_WHAT TO WORK ON_
Below is a listing with pictures. Repeat exactly the lines starting at the one holding "NEW ELEMENTS VET" and going on through the one holding "Guía de medidas", and leave every picture out.

_DATA PROVIDED_
____________________
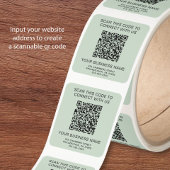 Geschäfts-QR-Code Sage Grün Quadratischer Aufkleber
____________________
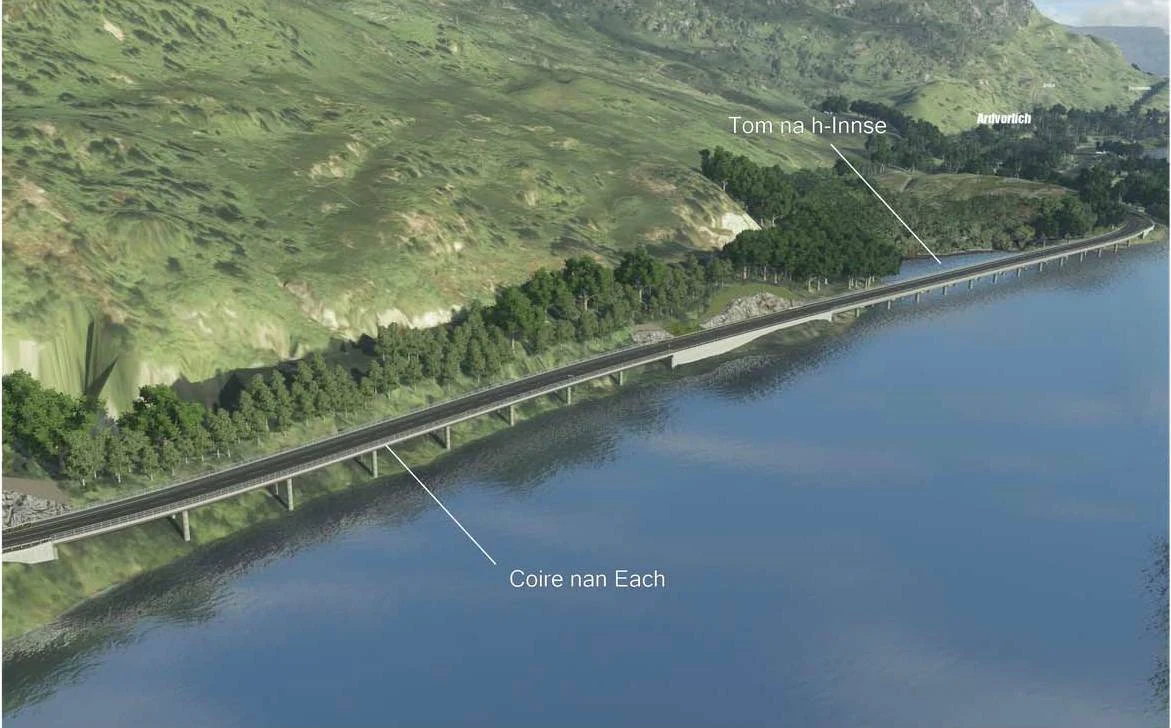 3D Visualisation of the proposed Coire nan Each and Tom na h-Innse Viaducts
____________________
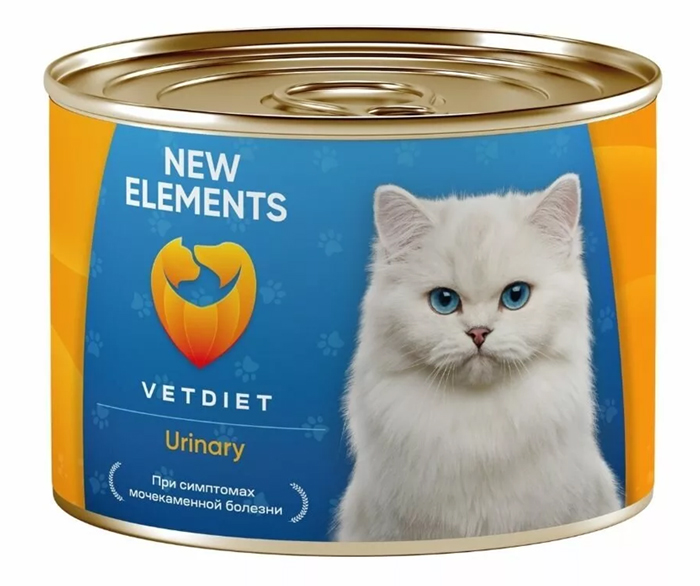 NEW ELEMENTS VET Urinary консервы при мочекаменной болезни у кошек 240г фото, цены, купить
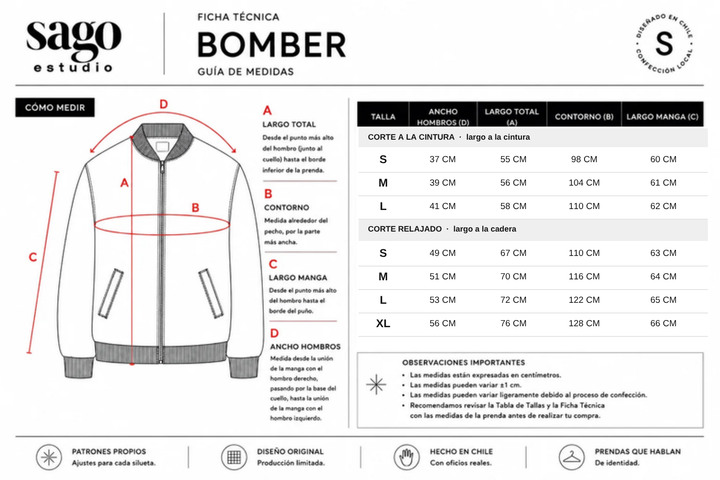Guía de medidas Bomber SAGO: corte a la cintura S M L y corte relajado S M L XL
____________________
_OUTPUT BELOW_
 NEW ELEMENTS VET Urinary консервы при мочекаменной болезни у кошек 240г фото, цены, купить
Guía de medidas Bomber SAGO: corte a la cintura S M L y corte relajado S M L XL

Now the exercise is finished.